▸ **Assignment**: Retype, exactly and with both ends included, the lines below from the one containing "Wszystkie podzespoły z" through the end; omit the pictures.

[Data Boundary: Start]

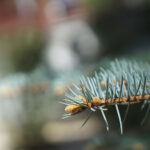 Rośliny zaczęły pylić (17 maja 2017 r.) / Marzena Mąkosa / Radio Kielce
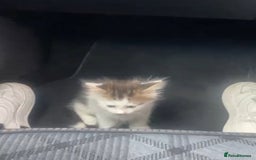 Mixed Breed cats for sale: kittens - Image 1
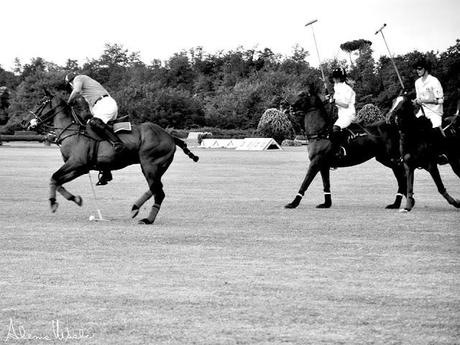 Nino lettieri polo fashion day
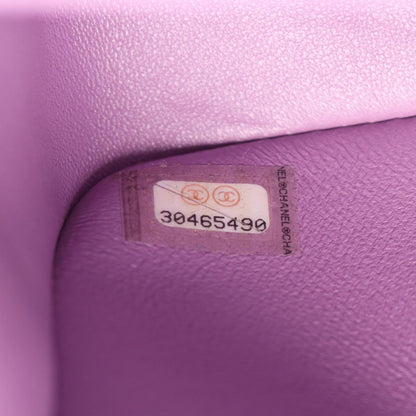 Chanel Others Purple Shoulder Bags
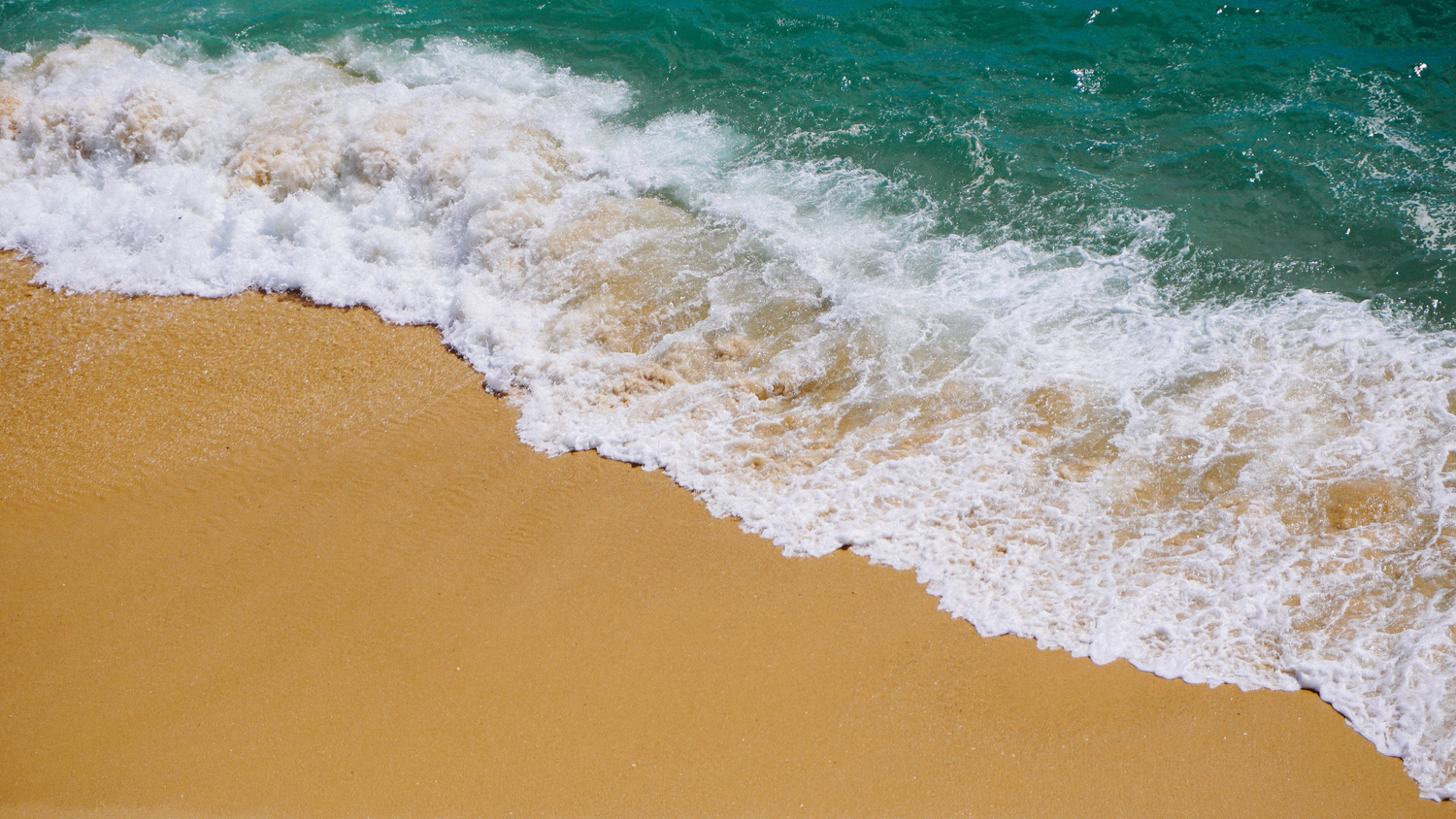 Ocean Collection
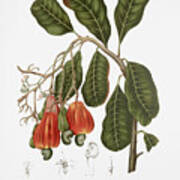 Vintage Botanical Illustrations - Cashew Tree Poster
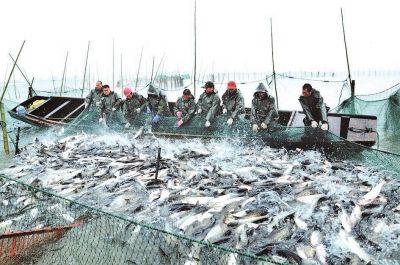 打造荆州品牌渔业，带动亿万产业链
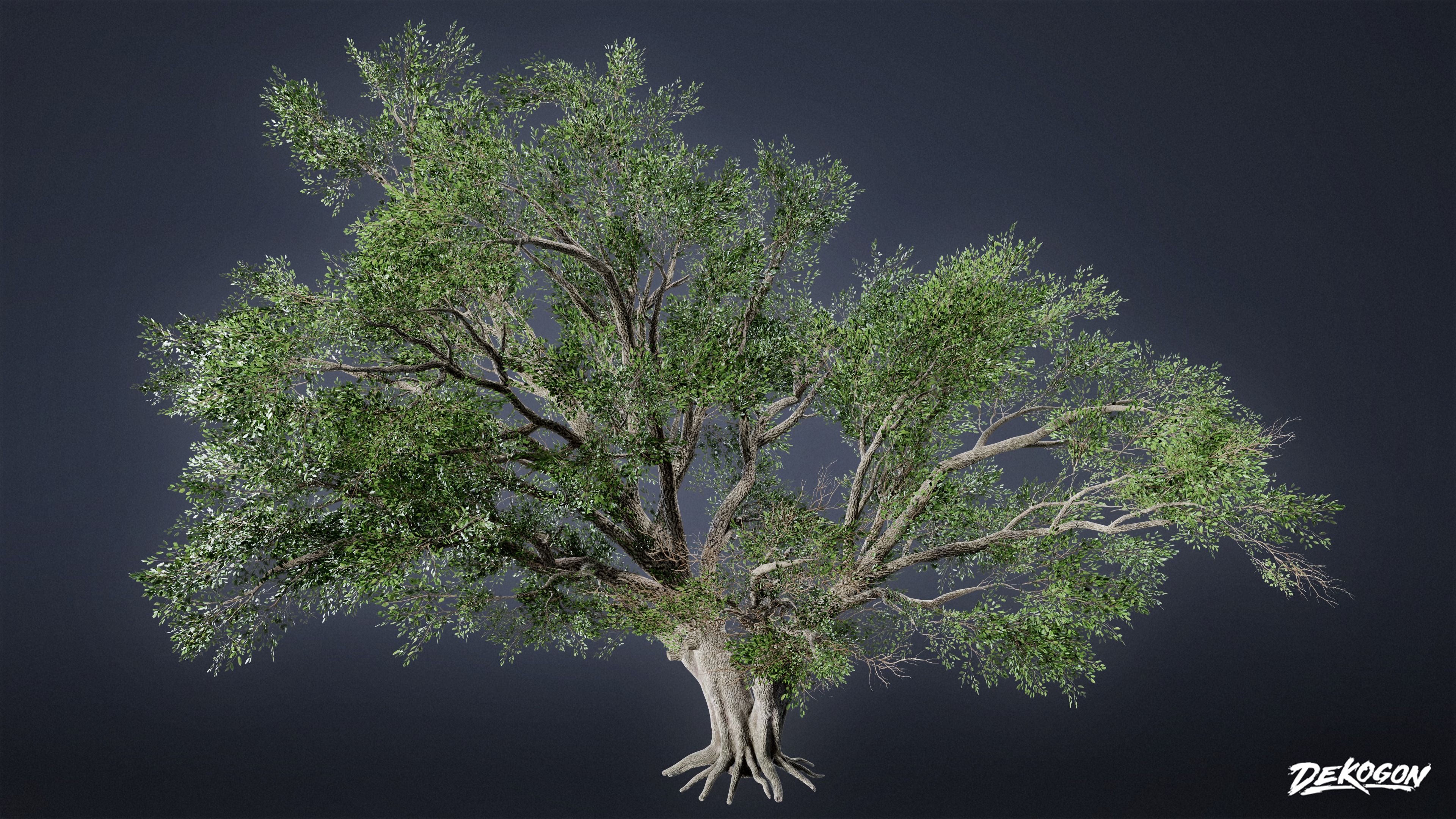 FOLIAGE - Southern Oak 01 - LOW POLY AND NANITE Low-poly 3D model_2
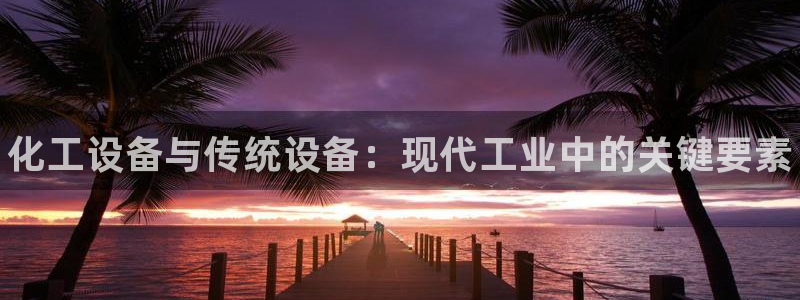 新城平台是干嘛的公司啊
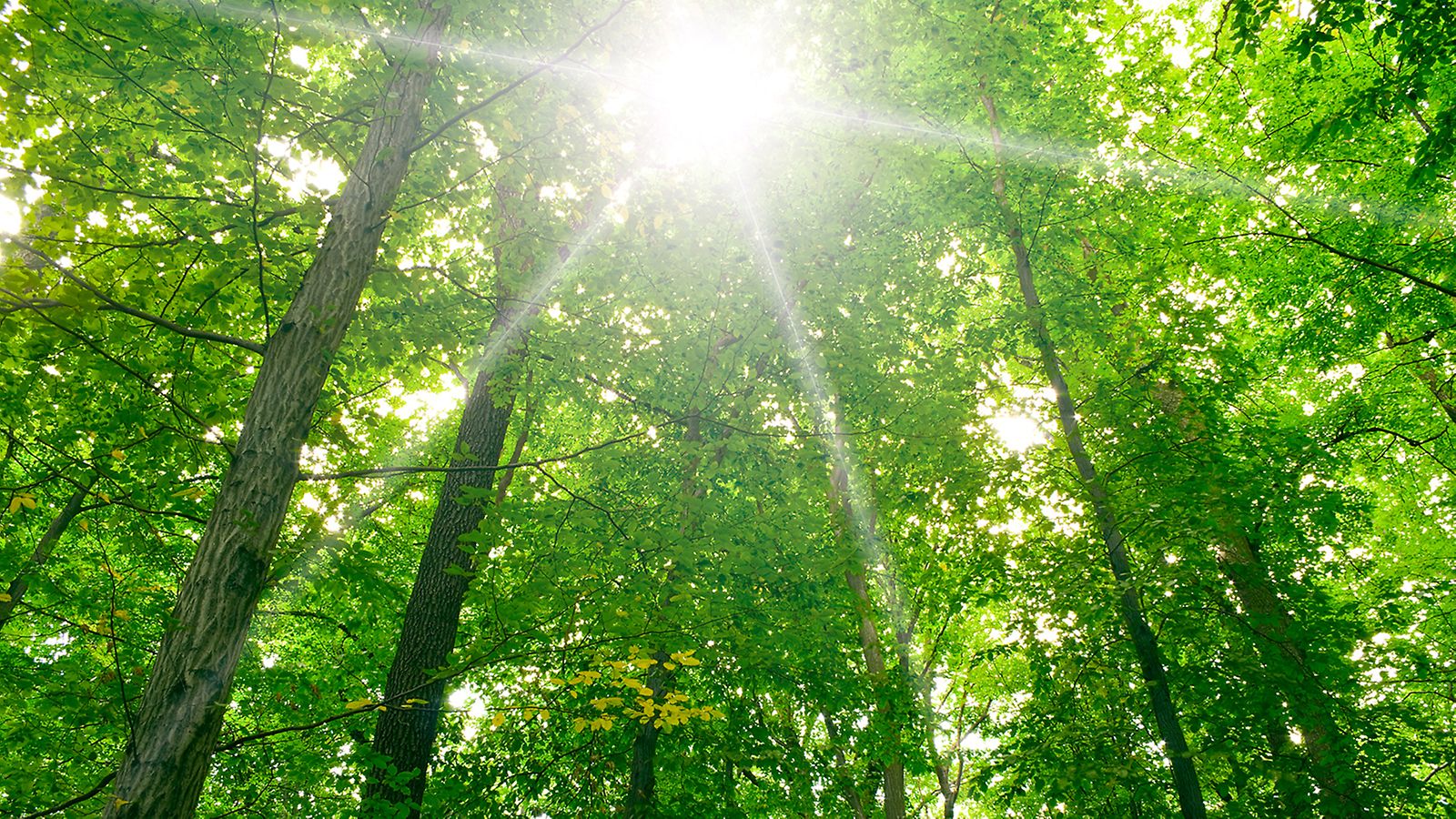 Wszystkie podzespoły z polimerów technicznych można poddać recyklingowi w 100%.<br/>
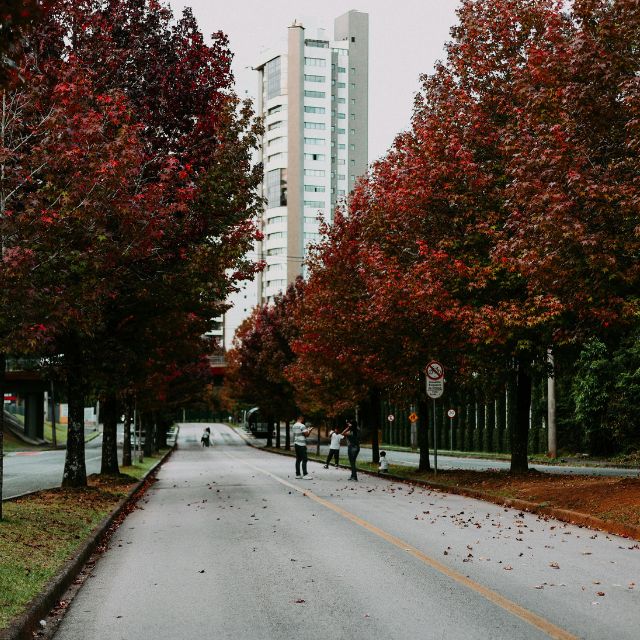 curitiba (5)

[Data Boundary: End]

▸ **Task solution**:
 Wszystkie podzespoły z polimerów technicznych można poddać recyklingowi w 100%.<br/>
 curitiba (5)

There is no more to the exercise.